Jean Charles Leonard Simonde de Sismondi, Population

As already indicated, Sismondi deemed the end of political economy to be the discovery of that proportion between population and wealth which would assure the highest well-being. He gives much attention, therefore, to population. His thesis on this subject is that, while sympathy or the affec­tions urge to marriage, egoism or calculation deter, and through the interplay of these forces population would naturally be regulated according to revenue. Laborers, he thinks, do not naturally marry unless they have employment and an assured income! But industrial instability makes foresight vain, and the introduction of machinery causes unemployment. The evil situation arises in which the births of a nation exceed its reve­nues, and with overproduction, unequal property, and exploita­tion by the rich, revenue is encroached upon and wages are re­duced. One of the points that Sismondi particularly mentions in his preface is the gloomy idea that the natural limits to popu­lation are always respected by those who have, while they are exceeded by those who have not.
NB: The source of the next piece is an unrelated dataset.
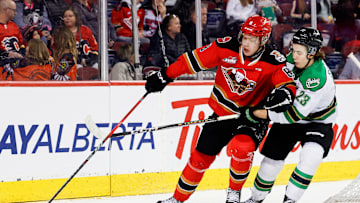 Prince Albert Raiders v Calgary Hitmen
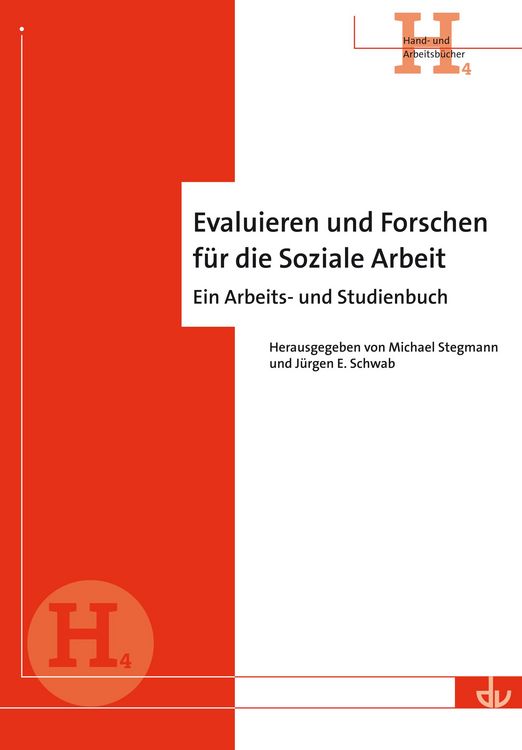 Produktbild: Evaluieren und Forschen f&uuml;r die Soziale Arbeit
Sismondi believes Malthus to be quite mistaken in his ideas on the natural limits of population. The real limit, he holds, lies in revenue. Population is not limited by the subsistence which land can produce, but is checked by inability to get work and wages before such a limit can be reached. In opposing the ideas of a geometric and an arithmetic progression, Malthus was contrasting a mere potentiality with an actuality. Nay, rather with less than the actuality, for the increase of plant and animal life is more rapid than that of man. And history is appealed to for the purpose of showing that nomadic peoples have restrained population while their land would have supported a much more numerous people.